***** Extracted material

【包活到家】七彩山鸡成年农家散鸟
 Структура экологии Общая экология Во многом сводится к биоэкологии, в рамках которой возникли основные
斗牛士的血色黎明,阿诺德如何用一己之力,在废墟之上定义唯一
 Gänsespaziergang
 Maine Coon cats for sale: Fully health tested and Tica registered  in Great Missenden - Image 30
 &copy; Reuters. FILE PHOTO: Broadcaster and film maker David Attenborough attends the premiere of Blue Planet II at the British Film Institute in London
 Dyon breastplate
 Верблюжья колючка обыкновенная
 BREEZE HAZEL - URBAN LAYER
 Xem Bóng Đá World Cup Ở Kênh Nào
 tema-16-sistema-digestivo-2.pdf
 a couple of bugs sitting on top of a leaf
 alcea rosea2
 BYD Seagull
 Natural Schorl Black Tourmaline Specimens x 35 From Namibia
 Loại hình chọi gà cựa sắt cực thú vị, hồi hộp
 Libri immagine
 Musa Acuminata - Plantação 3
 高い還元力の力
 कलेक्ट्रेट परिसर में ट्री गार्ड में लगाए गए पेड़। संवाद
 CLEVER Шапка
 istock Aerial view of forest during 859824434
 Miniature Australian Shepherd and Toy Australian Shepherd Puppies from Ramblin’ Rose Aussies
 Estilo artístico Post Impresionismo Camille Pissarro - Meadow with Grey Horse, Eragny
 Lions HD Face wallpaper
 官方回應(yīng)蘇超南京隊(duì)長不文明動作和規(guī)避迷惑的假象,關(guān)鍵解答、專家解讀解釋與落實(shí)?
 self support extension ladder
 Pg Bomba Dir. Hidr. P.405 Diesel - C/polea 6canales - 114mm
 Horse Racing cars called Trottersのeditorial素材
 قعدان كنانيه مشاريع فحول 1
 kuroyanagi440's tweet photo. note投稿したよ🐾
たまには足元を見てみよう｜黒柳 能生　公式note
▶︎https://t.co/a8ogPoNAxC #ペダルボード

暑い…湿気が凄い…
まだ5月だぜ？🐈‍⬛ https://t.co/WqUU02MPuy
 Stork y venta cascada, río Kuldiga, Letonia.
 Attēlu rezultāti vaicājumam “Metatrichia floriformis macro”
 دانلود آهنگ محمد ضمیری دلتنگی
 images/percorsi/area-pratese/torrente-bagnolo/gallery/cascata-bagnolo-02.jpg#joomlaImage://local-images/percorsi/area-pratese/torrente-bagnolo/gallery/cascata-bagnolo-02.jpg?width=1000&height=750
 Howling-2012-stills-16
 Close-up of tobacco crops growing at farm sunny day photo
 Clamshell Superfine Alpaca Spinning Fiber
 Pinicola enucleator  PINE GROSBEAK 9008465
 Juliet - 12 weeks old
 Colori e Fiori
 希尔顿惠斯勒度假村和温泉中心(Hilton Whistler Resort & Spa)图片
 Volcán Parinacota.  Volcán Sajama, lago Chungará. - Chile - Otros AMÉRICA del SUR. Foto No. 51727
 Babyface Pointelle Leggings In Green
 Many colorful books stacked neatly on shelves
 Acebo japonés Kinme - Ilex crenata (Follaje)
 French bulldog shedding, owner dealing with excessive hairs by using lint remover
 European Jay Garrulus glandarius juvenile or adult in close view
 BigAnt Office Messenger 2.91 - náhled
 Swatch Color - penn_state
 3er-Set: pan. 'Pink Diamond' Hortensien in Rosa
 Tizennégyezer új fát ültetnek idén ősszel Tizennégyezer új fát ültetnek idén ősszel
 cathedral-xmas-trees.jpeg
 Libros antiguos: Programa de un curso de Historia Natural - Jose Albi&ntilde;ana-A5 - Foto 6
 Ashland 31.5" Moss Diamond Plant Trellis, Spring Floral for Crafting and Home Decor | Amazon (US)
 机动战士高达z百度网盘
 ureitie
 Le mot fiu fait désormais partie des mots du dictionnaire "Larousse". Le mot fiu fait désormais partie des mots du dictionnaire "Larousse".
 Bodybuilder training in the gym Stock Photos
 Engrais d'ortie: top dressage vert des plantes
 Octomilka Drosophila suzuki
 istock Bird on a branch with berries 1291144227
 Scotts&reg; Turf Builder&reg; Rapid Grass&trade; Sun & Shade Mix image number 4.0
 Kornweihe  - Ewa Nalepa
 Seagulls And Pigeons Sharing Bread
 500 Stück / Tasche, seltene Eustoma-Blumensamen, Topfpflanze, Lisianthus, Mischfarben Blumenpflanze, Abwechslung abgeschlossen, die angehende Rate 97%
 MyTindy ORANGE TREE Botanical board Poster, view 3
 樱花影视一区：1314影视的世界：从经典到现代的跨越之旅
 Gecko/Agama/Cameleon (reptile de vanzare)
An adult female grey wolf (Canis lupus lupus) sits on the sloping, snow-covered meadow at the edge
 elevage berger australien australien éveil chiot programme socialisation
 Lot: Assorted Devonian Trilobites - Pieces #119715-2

**********

◆ **Task requirements**:
In the data above, start at the line that has "kuroyanagi440's tweet photo. note投稿したよ🐾", stop after the line that has "دانلود آهنگ محمد ضمیری دلتنگی", and print every line in between exactly as it stands.

◆ **Expected output**:
 kuroyanagi440's tweet photo. note投稿したよ🐾
たまには足元を見てみよう｜黒柳 能生　公式note
▶︎https://t.co/a8ogPoNAxC #ペダルボード

暑い…湿気が凄い…
まだ5月だぜ？🐈‍⬛ https://t.co/WqUU02MPuy
 Stork y venta cascada, río Kuldiga, Letonia.
 Attēlu rezultāti vaicājumam “Metatrichia floriformis macro”
 دانلود آهنگ محمد ضمیری دلتنگی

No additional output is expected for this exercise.